> [Task directions] Since pictures are not part of the copy, please output only the lines from the one with "Ein kleines Zimmer" through the end of the data below, exactly as written.

> [Dataset extract]
########

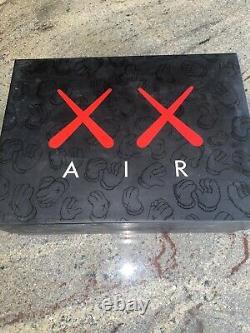 Jordan 4 KAWS Grey With Clothing Capsule Included DEADSTOCK DS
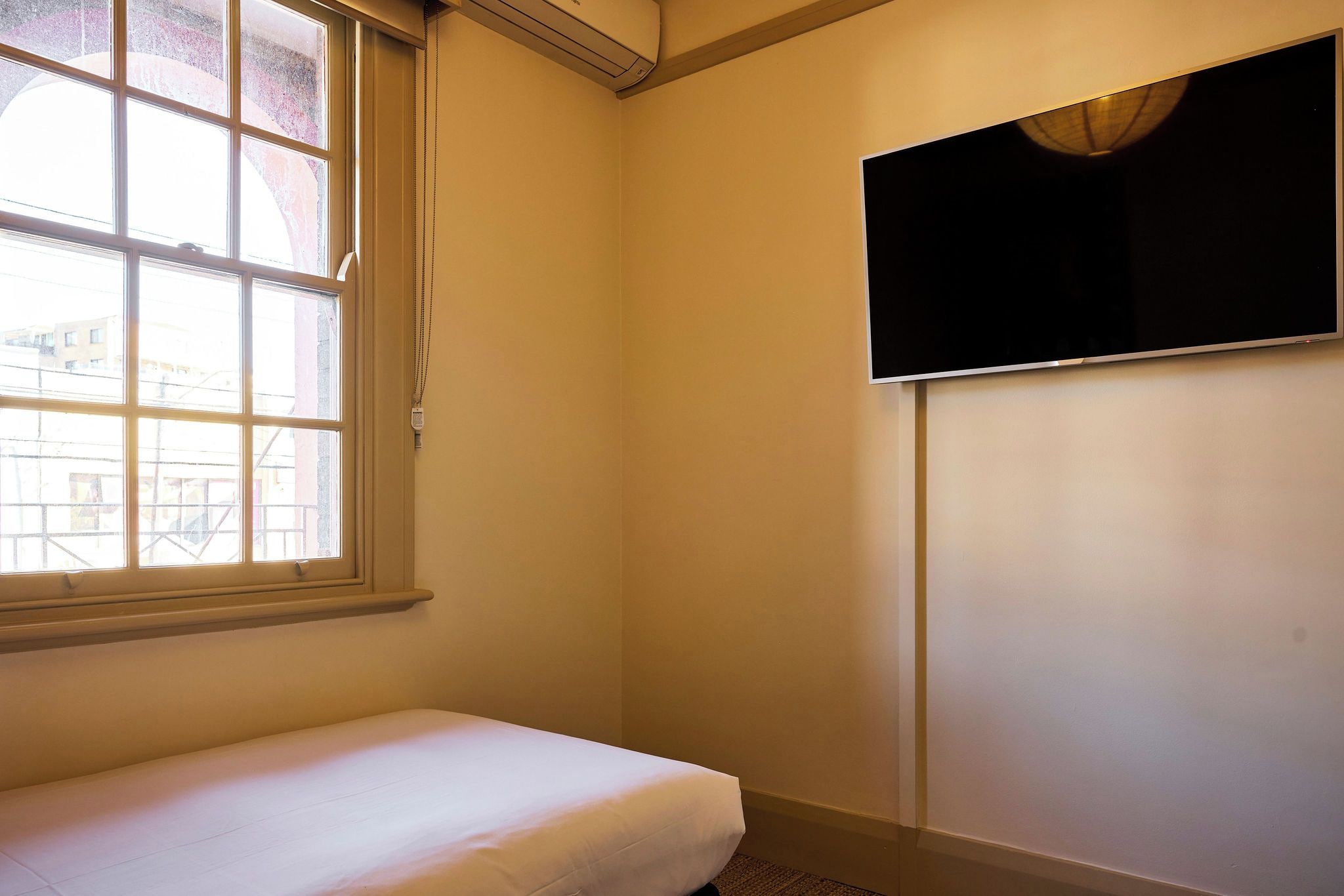 Ein kleines Zimmer mit einem Einzelbett, Fenster, einem an der Wand befestigten Fernseher und einer Steckdose.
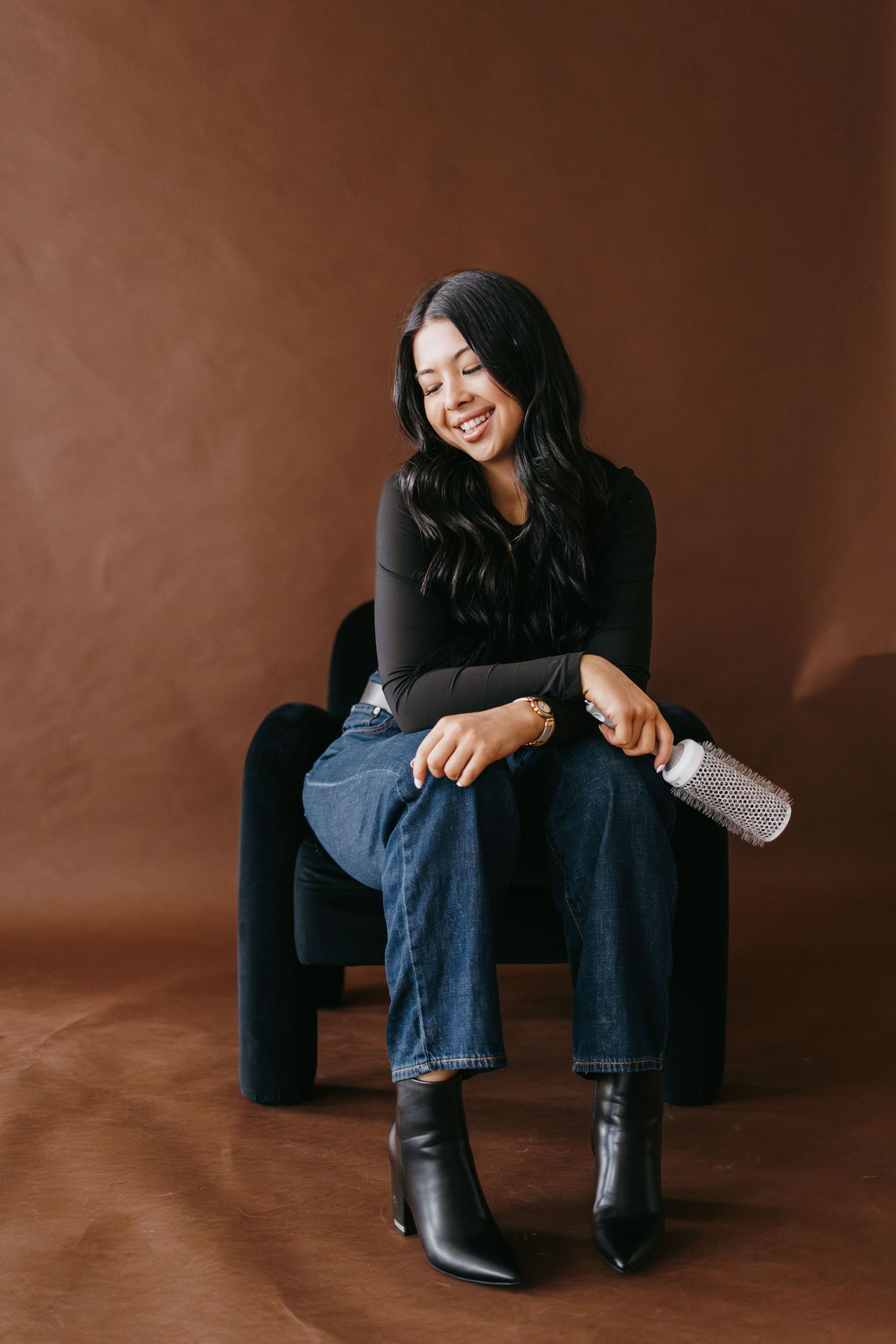 Casual styling session showing person in black top and jeans seated on brown backdrop.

########

> [Result of the exercise]
 Ein kleines Zimmer mit einem Einzelbett, Fenster, einem an der Wand befestigten Fernseher und einer Steckdose.
 Casual styling session showing person in black top and jeans seated on brown backdrop.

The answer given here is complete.